- _AIM OF THE EXERCISE_:
Repeat word for word the lines from the one containing "2023 Toyota RAV4" to the end of the material below, and leave all pictures out.

- _DATASET EXTRACT_:
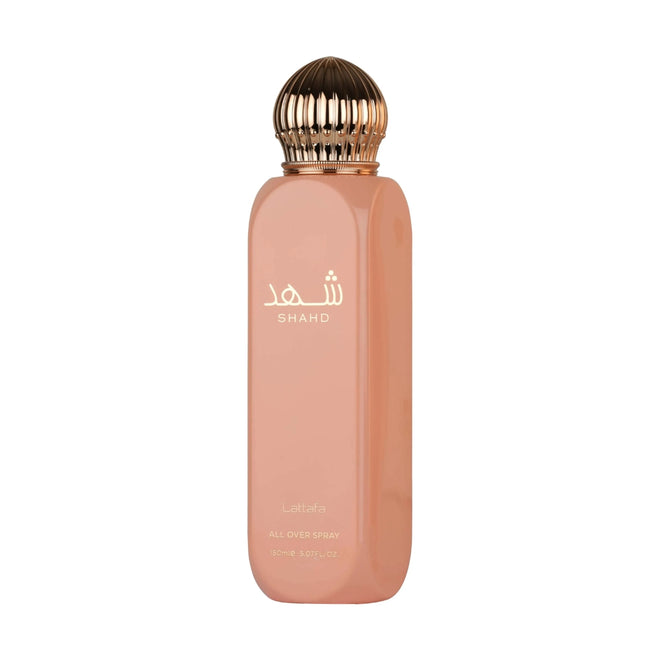 Lattafa Shahd All Over Spray (W) 150ml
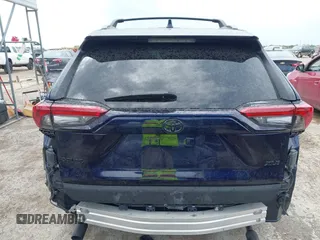 2023 Toyota RAV4 XLE with VIN 2T3W1RFV7PW269701, listed as a IAAI auction lot 42228187 with 95,340 mi miles and . Bid and sale history available at DreamBid. Image 17.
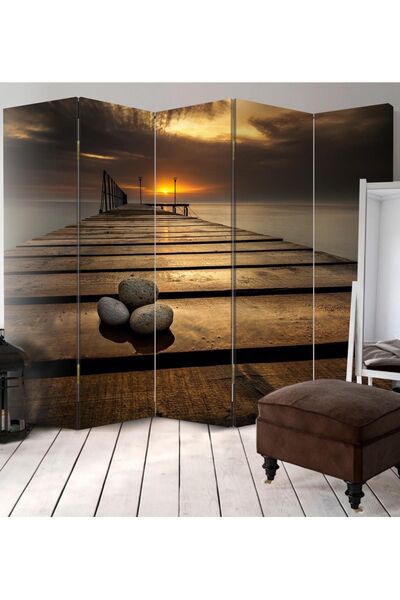 Modacanvas 5 Kanatlı Paravan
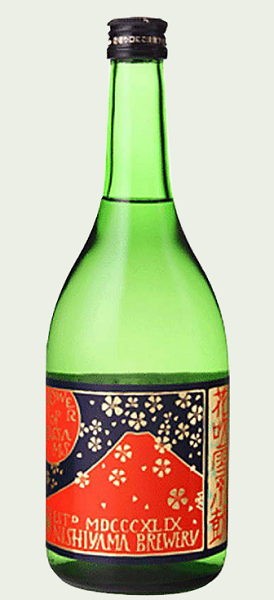 Kotsuzumi Hanafubuki Junmai Ginjo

- _YOUR SOLUTION_:
 2023 Toyota RAV4 XLE with VIN 2T3W1RFV7PW269701, listed as a IAAI auction lot 42228187 with 95,340 mi miles and . Bid and sale history available at DreamBid. Image 17.
 Modacanvas 5 Kanatlı Paravan
 Kotsuzumi Hanafubuki Junmai Ginjo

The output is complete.